As a form of entertainment, the NFL draft is almost perfectly designed to be uninteresting. If you’re a fan in the biblical sense — monogamous, one team — you get that great thrill of the first-round pick. Past that, it’s mundane chaos and cameras trained on Teddy Bridgewater’s face as he falls to the seventh round because GMs decided he doesn’t closely enough resemble Ryan Leaf.
But we have a solution. The raisins in the bread of the draft are the personalities, the human characters. Problem is, most NFL fans know little to nothing about the non-quarterback, non-Clowney 20-to-22-year-olds populating draft boards. The key is this: Like your favorite degenerate gambler at the local greyhound track, you need to choose a dog in the race. Not a literal dog, although canine companionship — here’s a good dog— can be a major plus while enduring hours of a sporting event in which the greatest feat of athleticism is walking across a stage. Rather, you need to choose a player whose fate you can wed to your own. Bored by the draft? You won’t be as your golden boy slides further and further out of the guaranteed money and you empathetically start flop-sweating like Ted Striker and stress-eating Snickerdoodle Chex Mix.

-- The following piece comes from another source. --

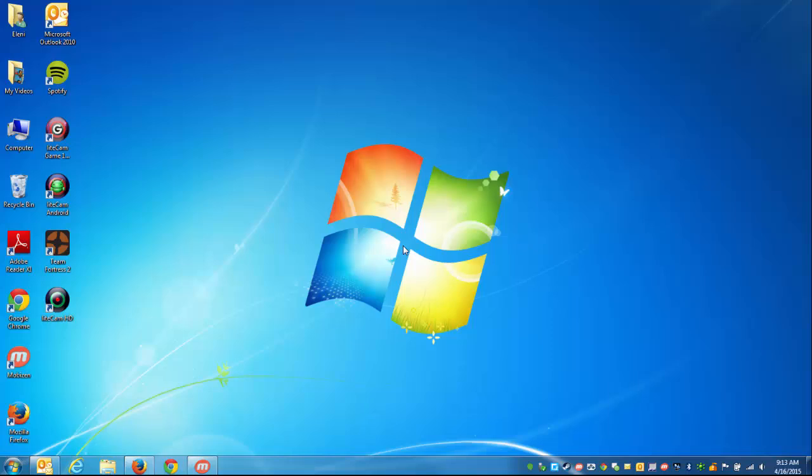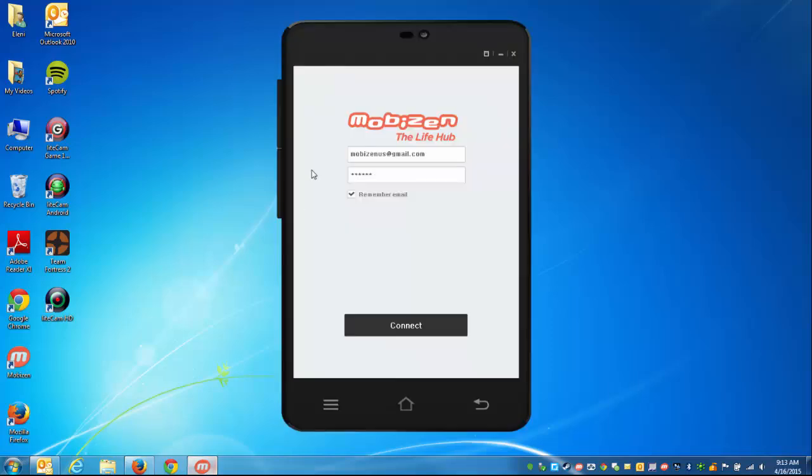So to get started, you've got to go to the MobiZen PC application, enter your credentials, and hit connect.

If you go into a bar and order “any shot,” Ray Liotta will scream at you and funnel tequila down your throat — that’s American law. Similarly, if you try to choose just any player, you will be paralyzed by variety and confusion. Here’s how you narrow down the field.
1. Pick a Range of Schools
If you’re an alum or a fan of a certain university, you can’t choose one of their players, because that’s cheating and you already know these guys too well as autonomous humans to pretend they are avatars of you. I happen to think Notre Dame is college football’s version of the Dave Matthews Band and that it’s weird how the Pac-12 keeps finding their coaches at clubs named Bungalow, so cross all those places off the list.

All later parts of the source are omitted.